Today, however, Shiite militias like Asaib Ahl al-Haq, Kataib Hezbollah, and Badr Corps get indirect air support from U.S. warplanes. Before the White House launched its campaign against ISIS in Syria, it told Iran it wasn’t going to attack its ally Bashar al-Assad there—even though Obama called for the Syrian dictator to step down in August 2011. By going after ISIS, Jabhat al-Nusra, and other Syrian rebel units, the White House freed up Assad to use his forces elsewhere.
As former George W. Bush White House aide Michael Doran meticulously lays out in his recently published tour-de-force “Obama’s Secret Iran Strategy”, the U.S.-Iran partnership that is reshaping the Middle East has been in the making since Obama first came to office. The most salient point then about the current P5+1 nuclear talks with Iran isn’t the nuclear issue, but the fact that they create a channel to allow both sides to keep talking—which means that all sorts of subjects are going to come up, from Syria, Iraq, and Lebanon to Yemen and maybe even other thorny issues, like Argentina and the Nisman investigation into Iran’s alleged role in the bombing of the Israeli embassy in 1992 and Jewish Community Center in 1994. U.S. response to everything in the region is now tied to the fate of the Iranian nuclear program, which in turn is simply the linchpin of Obama’s larger vision of a partnership between Washington and Tehran.
Obama may dream of a U.S.-Iran partnership and going skiing in the mountains above Tehran. But what does Obama’s grand vision look like these days from the Iranian side? From Iran’s perspective, then, it controls not only four Arab capitals, but it also holds Washington captive. If Obama pushes back, the Iranians walk away from the table, confounding the U.S. president’s dreams of achieving a historic reconciliation—and maybe worse, leaving him vulnerable to Republican majorities in the House and Senate ready to pounce on an epochal diplomatic failure.
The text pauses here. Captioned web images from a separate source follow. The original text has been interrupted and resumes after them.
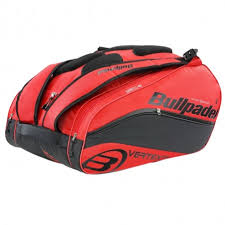 THERMOBAG PADEL BULLPADEL VERTEX 003 RED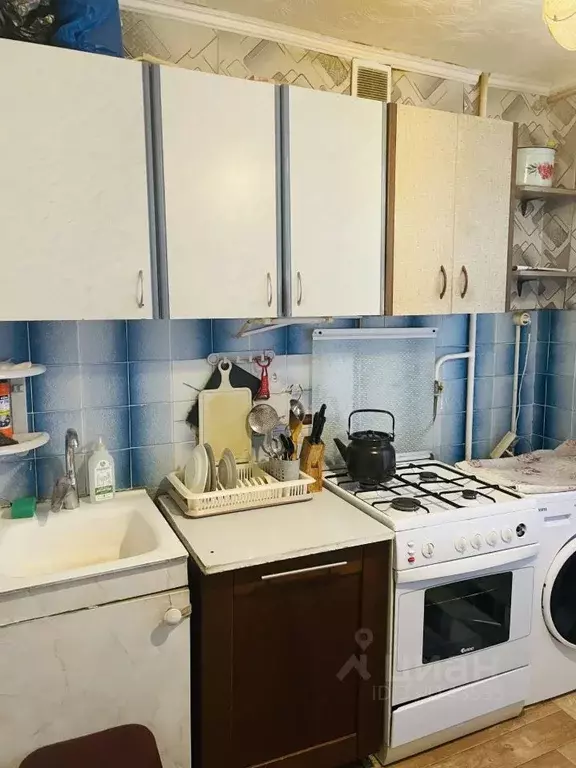2-к кв. Москва Онежская ул., 17К5 (37.2 м) - Фото 1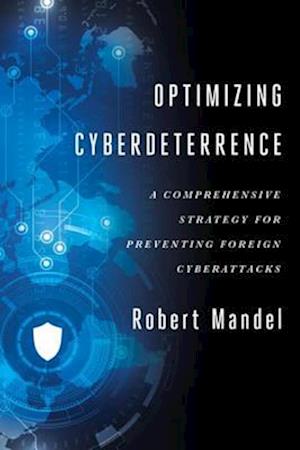 Optimizing Cyberdeterrence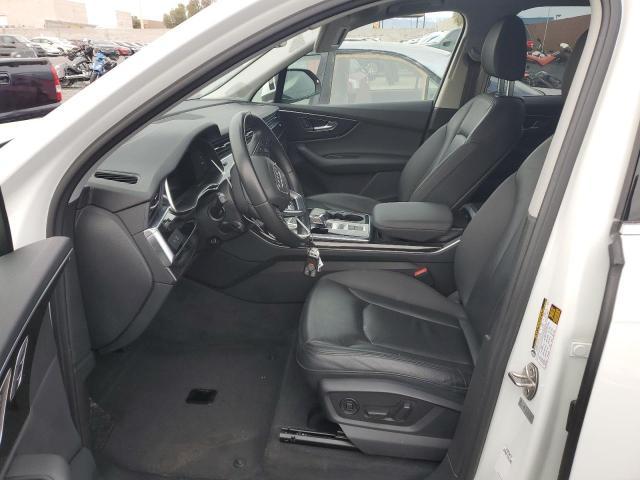 AUDI Q7 PREMIUM 2022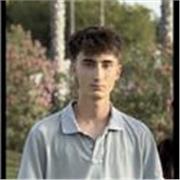 Native Spanish and French speaker, lived most of my life in Spain. 18-year-old student offering online Spanish and/or French lesso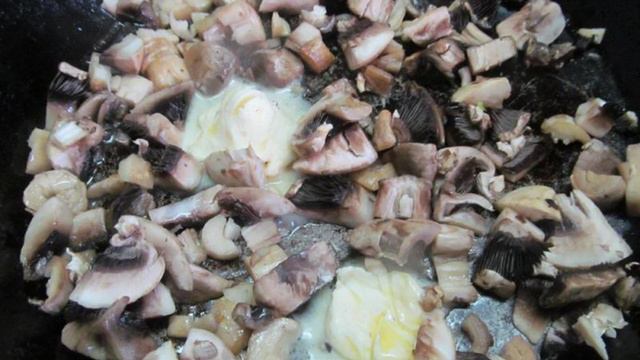 Рецепты от шеф-повара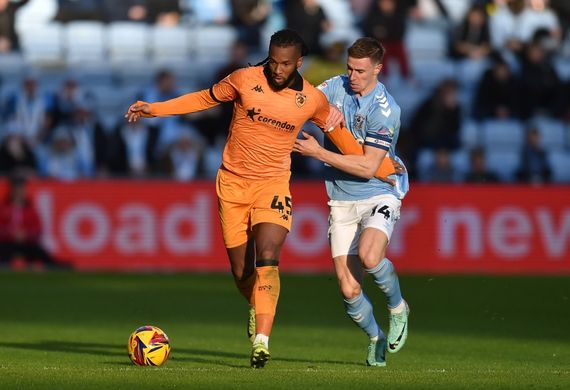 Nhận định soi kèo Coventry City vs Hull City lúc 18h30 ngày 9/8/2025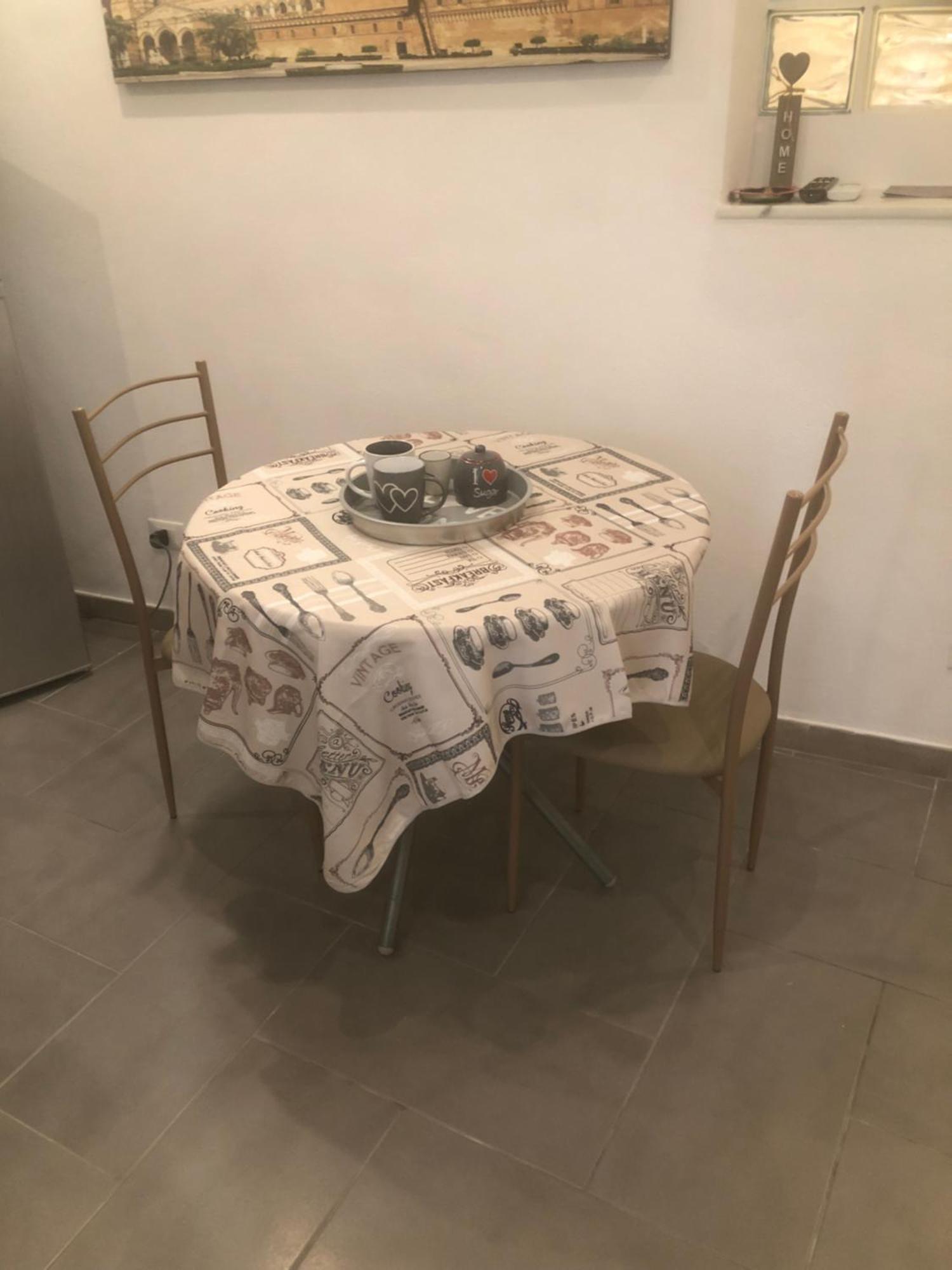 Reginella Home Палермо Екстериор снимка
But why does Obama’s vision have to fail? First of all, it’s not clear how Iran can accept any permanent agreement with the White House about the nuclear program, or anything else, for that matter. From Iran’s Revolutionary Guard Corps’ perspective, a deal might empower President Hassan Rouhani at their expense. From Rouhani’s perspective, a deal might make him, a so-called moderate, superfluous as someone who’s already played his role. Most important, there is the point of view of Khamenei, which partakes of the historic rationale of the Islamic Republic. Its founder Ayatollah Ruhollah Khomeini promised one thing—not to raise the standard of living or educate women, nor even to hasten the return of the Mahdi, but rather that the life of a genuine Muslim rested on the pillar of resistance against the godless, the arrogant West, especially America. Signing an accord with the Great Satan would undermine the fundamental legitimacy of the regime.
Obama wants a deal with Iran so much in large part because he doesn’t think the United States should be the world’s policeman—and he’s right. Our oil and natural gas industry won’t make us energy independent but it makes us less dependent and we simply don’t need that high a profile in a part of the world that has seldom returned our love. So, why keep shedding blood and spending money—as well as domestic political capital—in the Middle East?
The answer is not that we need to look out for the world’s interests, but that we need to continue protecting our own. A nuclear weapon in the hands of an expansionist regime doesn’t get the United States out of the Middle East. It puts Iran on our doorstep, by turning the clerical regime into an aggressive global nuclear-armed power. There can’t be much question by now about what Iran has in mind for the Middle East, or for other countries that it enlists in its schemes, like Argentina. What Iran wants makes the world a more dangerous place for Americans. The question is not whether there’s a deal to be had with Iran, but if it’s too late to crash the comprehensive agreement the White House has already struck with our new regional partner—whose sickening consequences are plain to see.